- Born: Ann Juliet Dorothea Maud Wentworth-Fitzwilliam 24 January 1935 (age 91) London, England
- Education: University of Oxford (MFA)
- Spouses: ; Victor Hervey, 6th Marquess of Bristol ​ ​(m. 1960; div. 1972)​ ; Somerset de Chair ​ ​(m. 1974; died 1995)​ ; Christopher Tadgell ​ ​(m. 1997)​
- Children: Lord Nicholas Hervey Lady Anne Hervey Helena, Lady Rees-Mogg
- Parent(s): Peter Wentworth-Fitzwilliam, 8th Earl Fitzwilliam Olive Dorothea Plunket

= Lady Juliet Tadgell =

British heiress

Lady Ann Juliet Dorothea Maud Tadgell (née Wentworth-Fitzwilliam; born 24 January 1935), previously Marchioness of Bristol, is a British heiress, race horse breeder, and landowner. She consistently appears on the Sunday Times Rich List with an estimated net worth of £45 million, based on family assets she inherited in 1948.

==Early life and education==
Lady Juliet was born to Peter Wentworth-Fitzwilliam, Viscount Milton, the only son of the 7th Earl Fitzwilliam, and his wife, Olive Plunket.

In 1943, when she was eight, her father inherited the title of Earl Fitzwilliam, and she became Lady Juliet. By this time, her parents' marriage was strained, and there was talk of divorce. In 1948, Earl Fitzwilliam died in a plane crash in France with his lover, Kathleen Cavendish, Marchioness of Hartington, the widow of the heir to the Dukedom of Devonshire and a sister of the future U. S. President John F. Kennedy. As her father's only child, Lady Juliet, still aged only thirteen, inherited his whole unentailed estate and his huge art collection. The following year, she and her mother left the vast stately home of Wentworth Woodhouse in South Yorkshire, and most of its contents were sold.

Lady Juliet holds a Master of Fine Arts degree from the University of Oxford.

==Marriages and family life==
In 1960, Lady Juliet married Victor Hervey, 6th Marquess of Bristol, twenty years her senior, eighteen days after he inherited peerages and estates on his father's death. He had been divorced the previous year and in his twenties had been made bankrupt, declared the "No.1 Playboy of Mayfair", and gaoled for a drunken dare jewel robbery. The couple had two children:

- Lord Nicholas Hervey (26 November 1961 – 26 January 1998)
- Lady Anne Hervey (26 February 1965), stillborn

The couple separated in 1965 and divorced in 1972.

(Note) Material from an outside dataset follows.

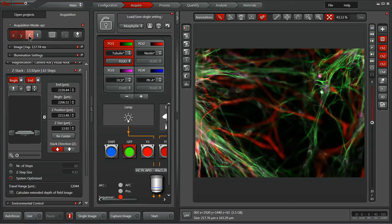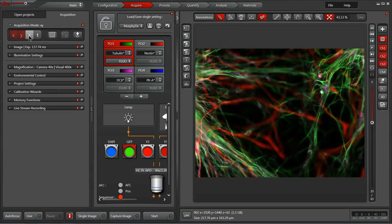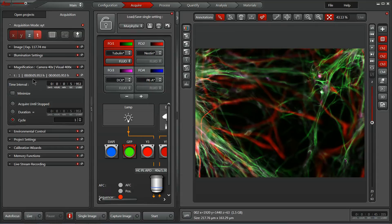Moving on from the Z-Stack, let's look at the time-lapse dialog. By activating time-lapse within the acquisition mode, the new dialog appears, within which we can adjust the time interval between time points by clicking and manually typing in a 15-second time interval.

In 1974, she married Somerset de Chair, who was a former Conservative Member of Parliament for South West Norfolk and Paddington South. The couple had one child:

- Helena Anne Beatrice Wentworth Fitzwilliam de Chair (born October 1977), who became a writer for an oil industry trade magazine. She married the Rt Hon. Sir Jacob Rees-Mogg, future Conservative politician and son of former Times editor Lord Rees-Mogg, on 13 January 2007 at Canterbury Cathedral. They have six children.

After her second husband's death, in 1997, Lady Juliet married thirdly the architectural historian Christopher Tadgell and lives with him at her estate of Bourne Park, near Canterbury, Kent.

Her daughter Helena attended the University of Bristol, and her son Nicholas was educated at Eton College, followed by Yale University.

On 26 January 1998, two days after her 63rd birthday, her son Nicholas committed suicide.

==Wealth and inheritance==
As the only child of the 8th Earl Fitzwilliam, Lady Juliet inherited his estates, which have since passed into a trust for her benefit, and include his vast art collection, including four paintings by George Stubbs and six by Anthony van Dyck and properties in England, Ireland and the United States. She consistently makes the Sunday Times Rich List, rising in 2009 to 1550th in the ranking with £35 million, although she suffered a £10 million drop that year because of the recession. She ran a stud farm and continues to own some racehorses.